- Problem -
Below this line are records; write out exactly the lines from the one containing "Hand holding a" through the one containing "Cameron in front of the Christmas tree", with the pictures left out.

- Recorded data -
····················

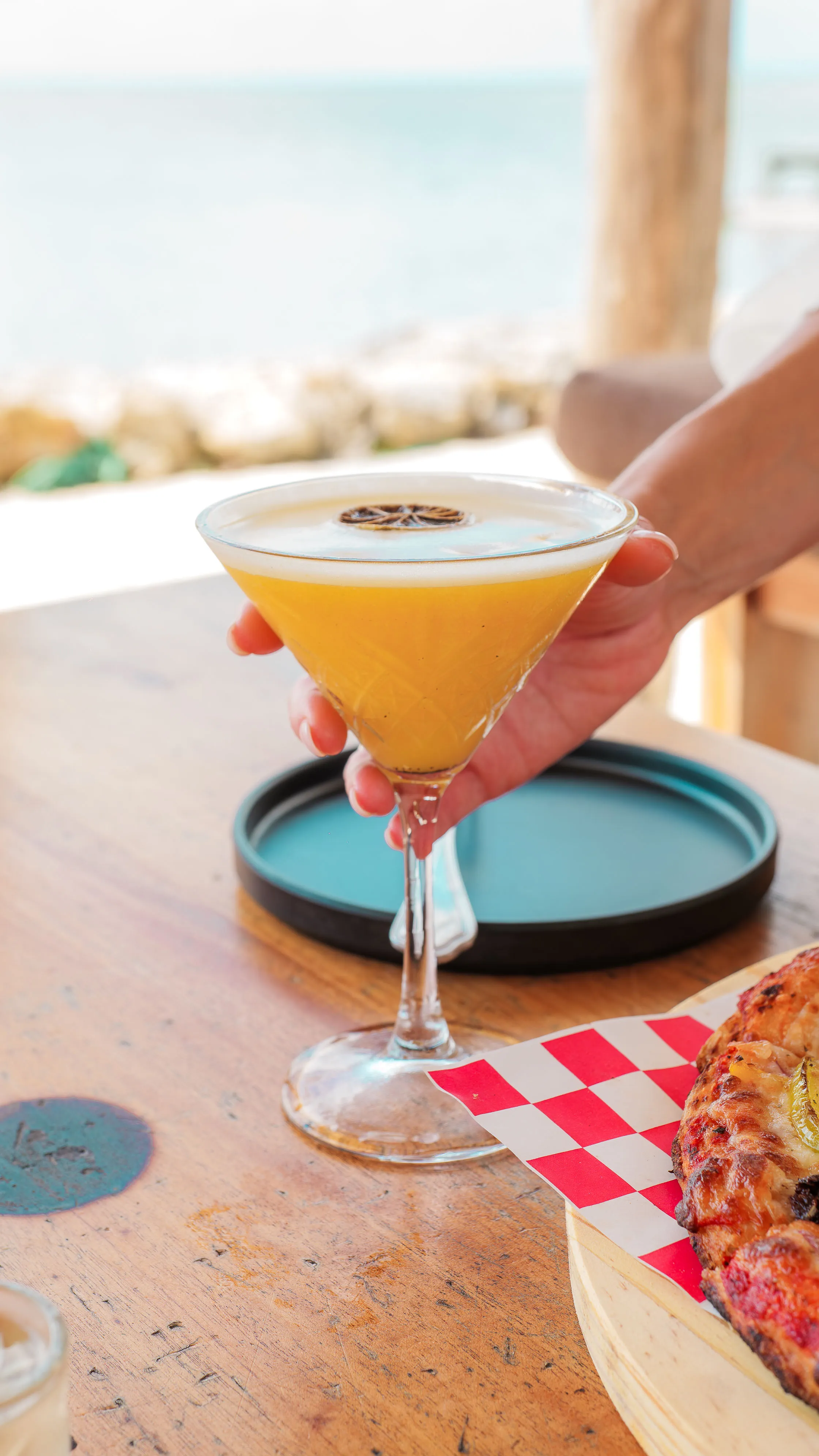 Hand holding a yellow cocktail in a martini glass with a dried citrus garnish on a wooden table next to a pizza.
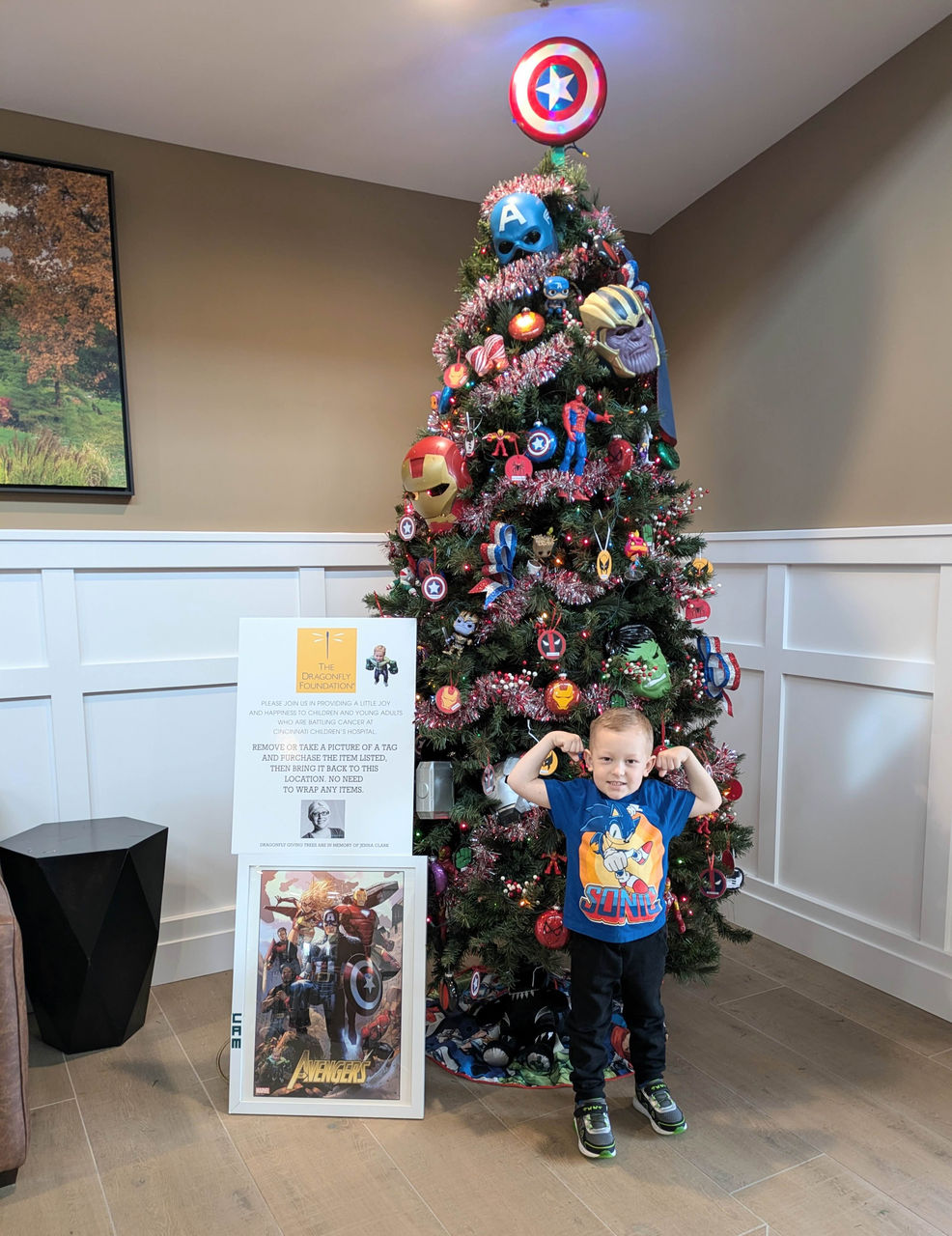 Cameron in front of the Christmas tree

····················

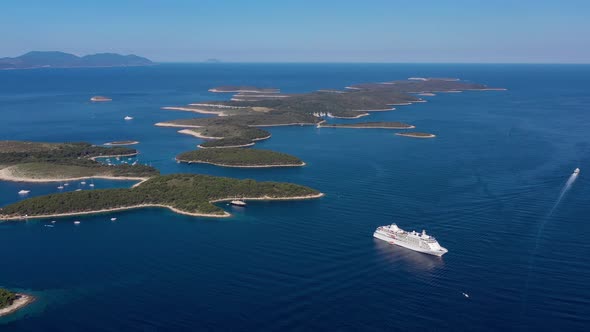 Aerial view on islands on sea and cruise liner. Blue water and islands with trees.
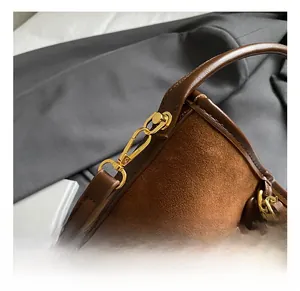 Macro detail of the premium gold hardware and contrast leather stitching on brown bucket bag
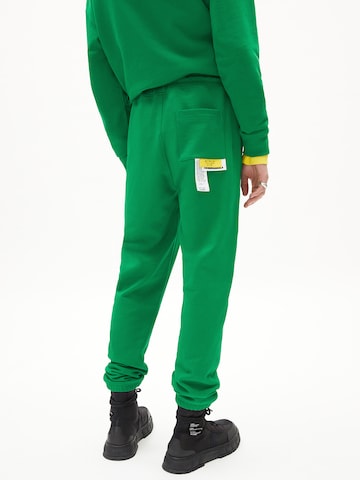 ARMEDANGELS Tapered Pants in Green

····················

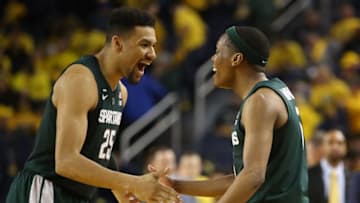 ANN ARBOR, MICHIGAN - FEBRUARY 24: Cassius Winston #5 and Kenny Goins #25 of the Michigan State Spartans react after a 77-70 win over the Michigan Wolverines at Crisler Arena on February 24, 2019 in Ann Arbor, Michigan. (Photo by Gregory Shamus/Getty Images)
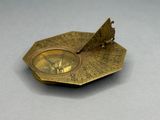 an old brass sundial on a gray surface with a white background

····················

- Expected answer -
 Hand holding a yellow cocktail in a martini glass with a dried citrus garnish on a wooden table next to a pizza.
 Cameron in front of the Christmas tree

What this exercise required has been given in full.